:: WORK ITEM ::
What is needed is an exact copy of the lines in the listing below, from the one with "Photo 5 of Unit" up to and including the one with "Ganymede Marc-Antoine Barrois", with no other lines.
:: INFORMATION PROVIDED
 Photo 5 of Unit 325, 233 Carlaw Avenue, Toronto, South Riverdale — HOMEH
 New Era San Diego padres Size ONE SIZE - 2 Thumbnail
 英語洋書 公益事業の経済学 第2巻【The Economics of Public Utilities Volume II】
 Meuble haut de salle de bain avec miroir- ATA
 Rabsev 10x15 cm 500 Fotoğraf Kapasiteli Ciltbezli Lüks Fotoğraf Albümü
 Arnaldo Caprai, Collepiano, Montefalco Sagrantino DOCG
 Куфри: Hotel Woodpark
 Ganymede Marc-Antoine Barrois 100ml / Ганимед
::::
:: INFORMATION PROVIDED
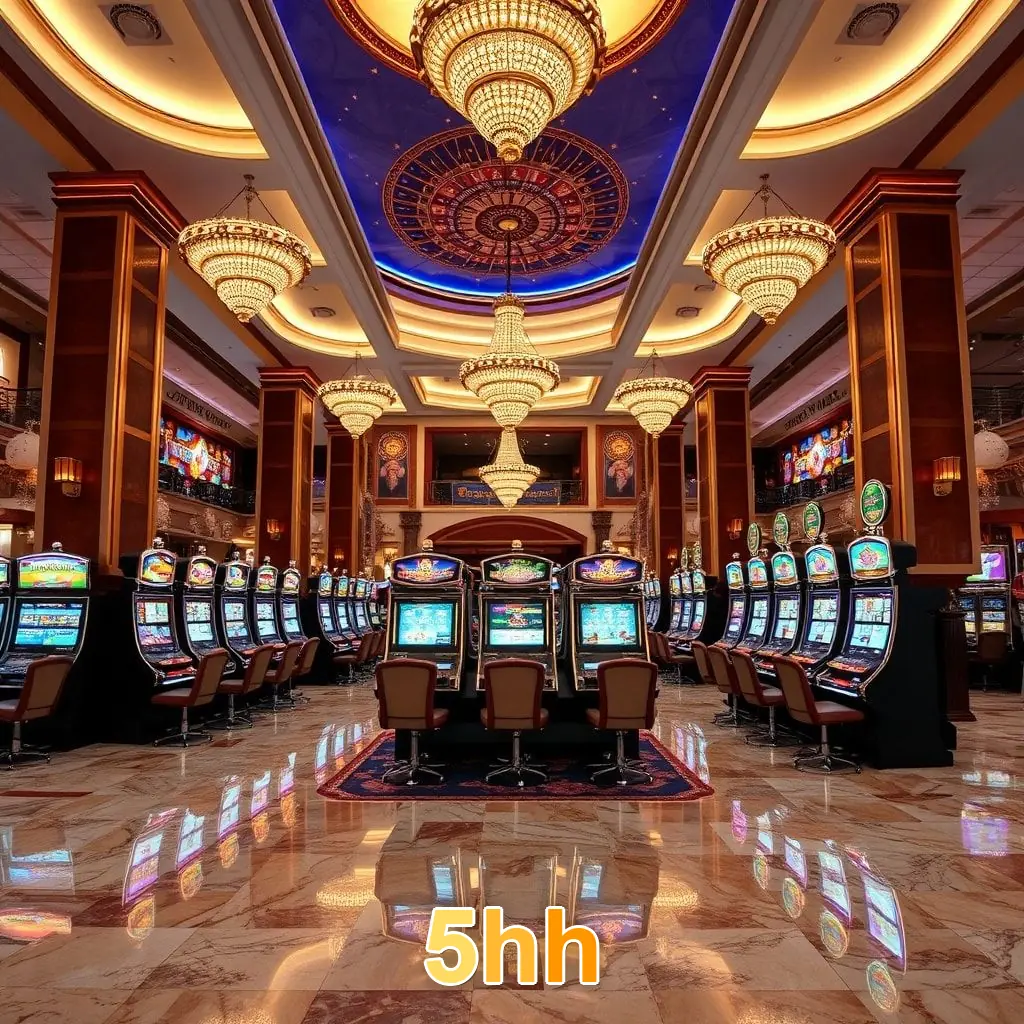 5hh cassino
::::
:: WORKED SOLUTION ::
 Photo 5 of Unit 325, 233 Carlaw Avenue, Toronto, South Riverdale — HOMEH
 New Era San Diego padres Size ONE SIZE - 2 Thumbnail
 英語洋書 公益事業の経済学 第2巻【The Economics of Public Utilities Volume II】
 Meuble haut de salle de bain avec miroir- ATA
 Rabsev 10x15 cm 500 Fotoğraf Kapasiteli Ciltbezli Lüks Fotoğraf Albümü
 Arnaldo Caprai, Collepiano, Montefalco Sagrantino DOCG
 Куфри: Hotel Woodpark
 Ganymede Marc-Antoine Barrois 100ml / Ганимед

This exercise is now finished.